Spicy ricy


The enhanced vegetarian version underway

This post was originally meant to be an addendum to an existing post on the Healthy Food Guide Spicy Indian Mince and Rice recipe [PDF: Spicy Indian mince and rice – Healthy Food Guide ]but it seems that I never got around to publishing (or even drafting) that post in the first place…

Every day a new recipe or two from HFG pops up in my Facebook feed and I’ll grab anything that looks doable with basic i.e. inexpensive ingredients…meals that can either be frozen and/or that will last over a couple of days are popular at the moment…

What You Need

  • 1 tablespoon canola oil
  • 1 large onion, finely diced
  • 2 cloves garlic, peeled, chopped (I’m used garlic that has been crushed and frozen for simplicity and ease of use + I’m lazy)
  • 1 tablespoon grated fresh ginger (I dice up the onion, ginger and (if fresh) the garlic using my every handy Tupperware Terminator – see below)
  • 400g lean lamb or beef mince
  • 2 teaspoons curry powder
  • 2 teaspoons garam masala
  • 1/2 teaspoon chilli powder
  • 1/2 teaspoon ground cloves (the recipe says whole cloves which I have but hate picking them out later on)
  • 1/2 teaspoon ground cinnamon
  • 2 bay leaves
  • 3-4 whole cardamoms, crushed (optional) I just used a teaspoon of cardamon powder because I have a bottle of it that will most likely not get used otherwise.
  • 1 cup long-grain or basmati rice
  • 400g can chopped tomatoes in juice
  • 2 cups liquid chicken stock
  • salt and pepper, to taste
  • toasted slivered almonds and currants
  • chopped fresh coriander (optional)
The Tupperware Terminator

The Tupperware Terminator

What you do

Heat the oil in a large non-stick frying pan. Add the onion, ginger and garlic. Cook until onion begins to brown.

Stir in the mince and break up any lumps. Cook, stirring frequently, until mince has lost its pink colour.

Add the spices and cook for 1-2 more minutes before adding the rice, tomatoes in their juice and stock. Bring the mixture to the boil and then reduce the heat to a gentle simmer. Cover and cook, stirring occasionally, until rice is tender. I find that, at a slow heat, this takes about 30-40 minutes. If it starts to dry out, just add some more water.

Season with salt and pepper then serve. Garnish with a sprinkling of almonds, currants and coriander (if using).

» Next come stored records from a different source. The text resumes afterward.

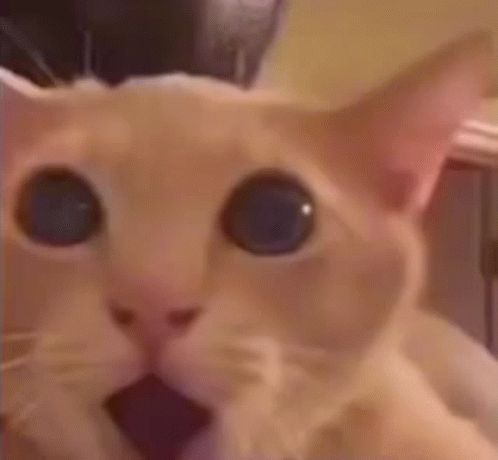 Cat With Blue Eyes Looking At Camera GIF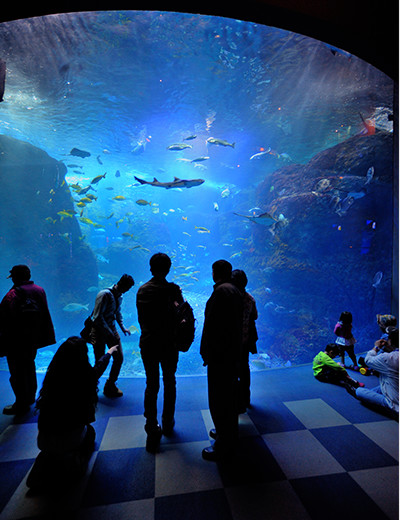 立って見つめる人、座り込んで楽しむ人、と感じ方も自由自在。創設から半世紀を経てリニューアルした新江ノ島水族館の展示理念は〈ニッポンの水族館〉。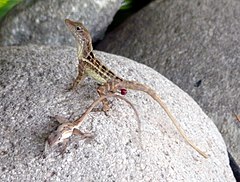 Description de l'image Anolis lineatopus pair.jpeg.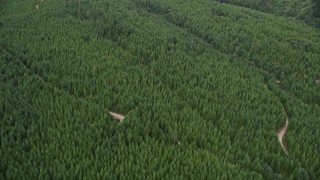AX58_019 - 5K aerial stock footage fly over an evergreen forest and dirt roads in Grapeview, Washington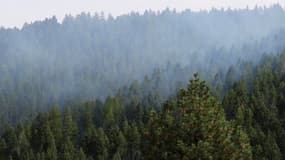 Une forêt du Montana aux États-Unis (Photo d'illustration)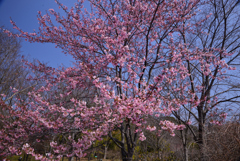 240316a京都植物園36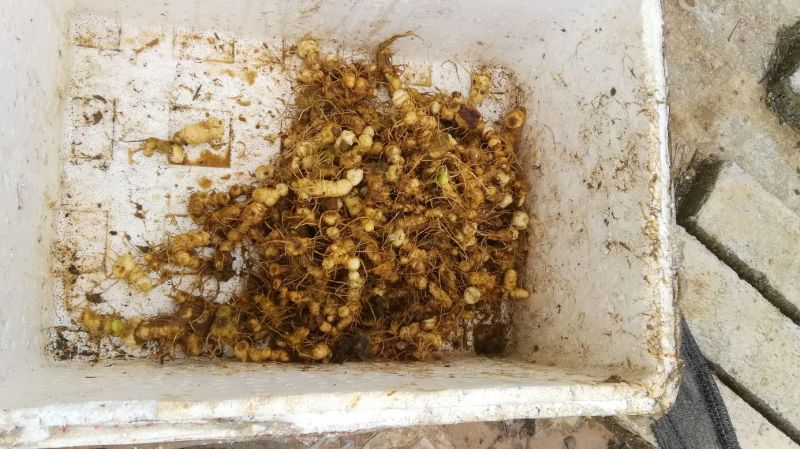 江西道地野生多花黄精种茎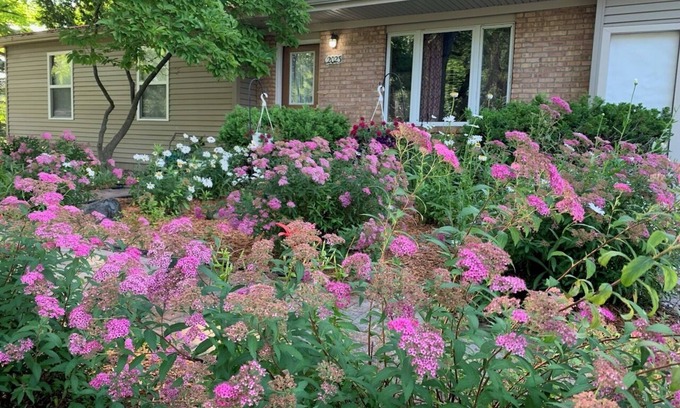 Mount Pleasant House | Charming 3-bedroom home in Mt Pleasant near colleges, Casino and children parksn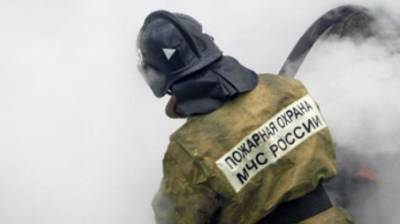 Мать и дочь погибли при пожаре в собственной квартире на Урале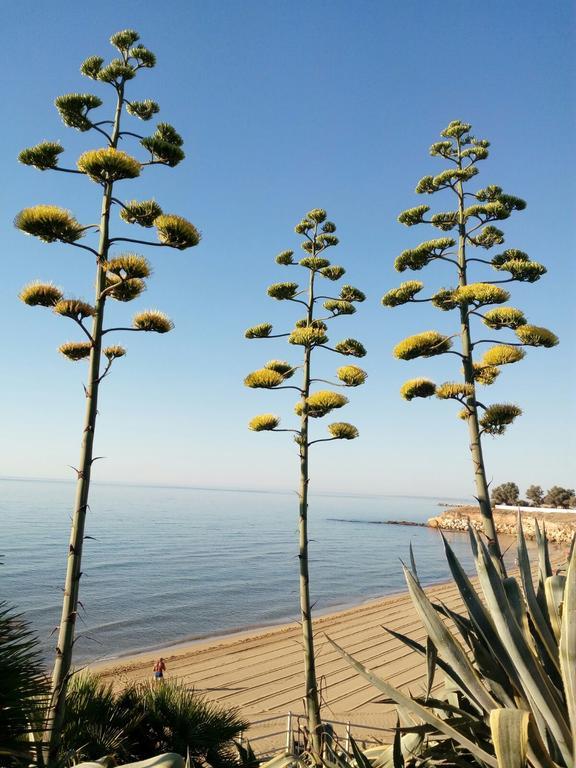 Villa Del Mar Авола Экстерьер фото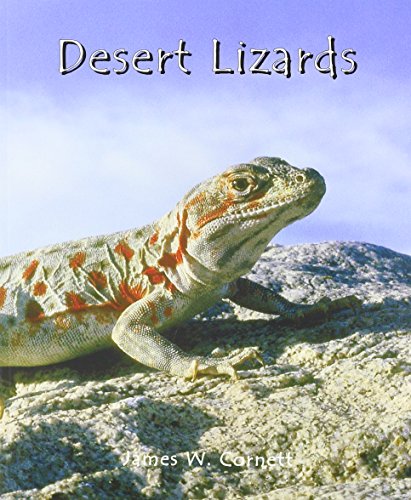 Desert Lizards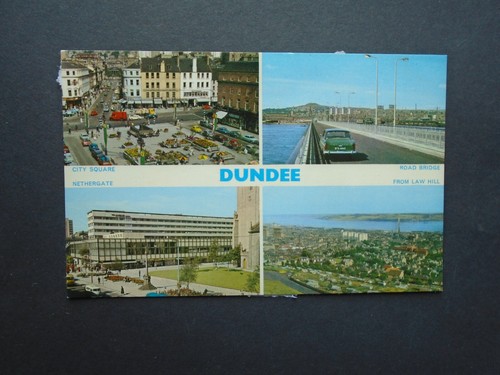 Angus multi views of - angus:,
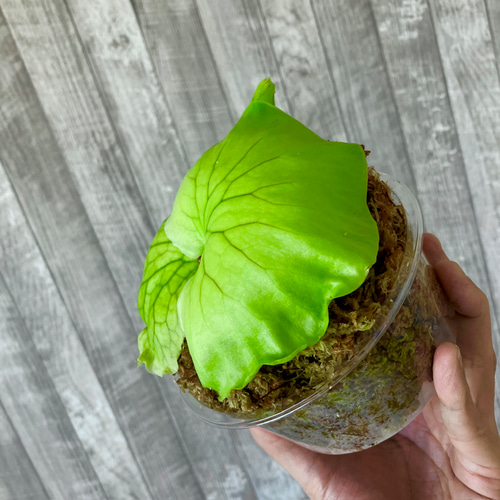 コロナリウム 幼苗 ビカクシダ 観葉植物 インテリアグリーン その他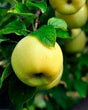 Honeygold Apple Bare Root Fruit Tree For Sale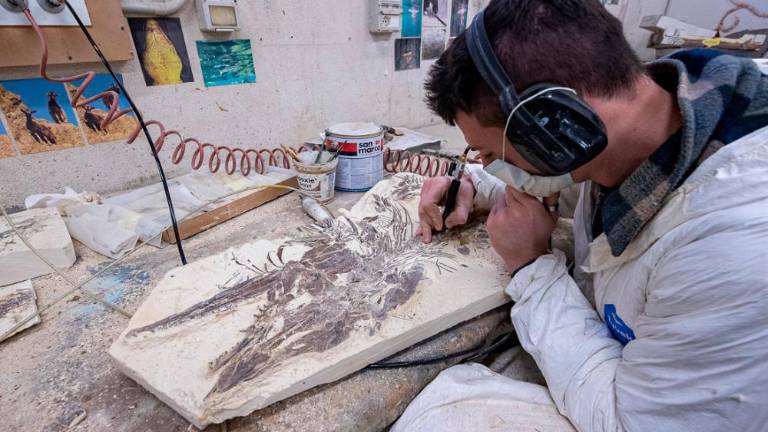 Pravi jurski park v malem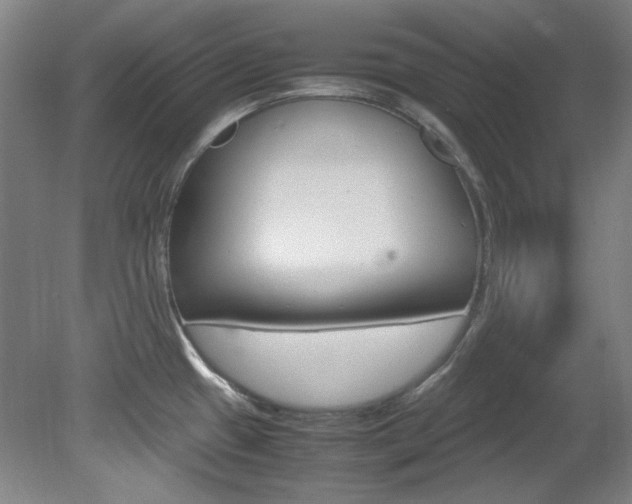 X0000082151433200701191012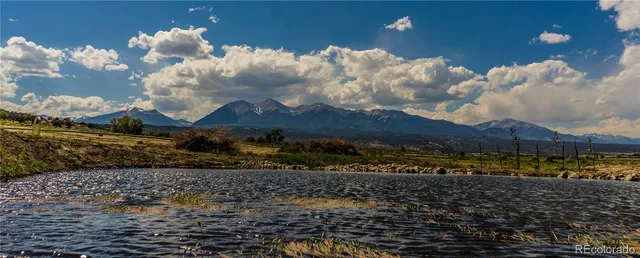 a view of a lake in middle of the forest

I’ve made this a few times since discovering the recipe in March but until last night it seems to have avoided both camera and blog. It doesn’t take a lot of time or effort to prepare and is another uber-flexible recipe that you can tweak depending on what you might have available in the fridge.

Having successfully experimented with a  vegetarian version of the Going Nutty With Rice recipe, I thought I might try the same with this one. Looking to provide dinner for the next 3-4 nights I also increased the quantities to make the same quantity as that nutty recipe. The change I made were to substitute the following from the original recipe above:

  • 400g lean lamb or beef mince became two diced carrots, a diced stick of celery, a diced up chuck of cauliflower (about a cup) and a cup of frozen peas.
  • 2 teaspoons curry powder was increased to three teaspoons.
  • 2 teaspoons garam masala was increased to three teaspoons.
  • 1/2 teaspoon chilli powder was increased to a  full teaspoon.
  • 1/2 teaspoon cloves was increased to a  full teaspoon.
  • 1/2 teaspoon ground cinnamon was increased to a  full teaspoon.
  • 1 teaspoon of cardamon powder. I kept this the same but probably should have increased it to 1 1/2 teaspoons.
  • 1 cup long-grain or basmati rice became 1 1/2 cups.
  • 2 cups liquid chicken stock became three cups. This was enough stock for flavour but I had to add two extra cups of water before the rice was cooked properly. I actually used Maggi Green Herb stock powder as I found that I was out of chicken stock.

I was very happy with the result although for dining in polite company I might look at reducing the curry and chili powder by about a third so that they match the proportional increase in the size of the recipe i.e. the 50% increase in the rice and stock.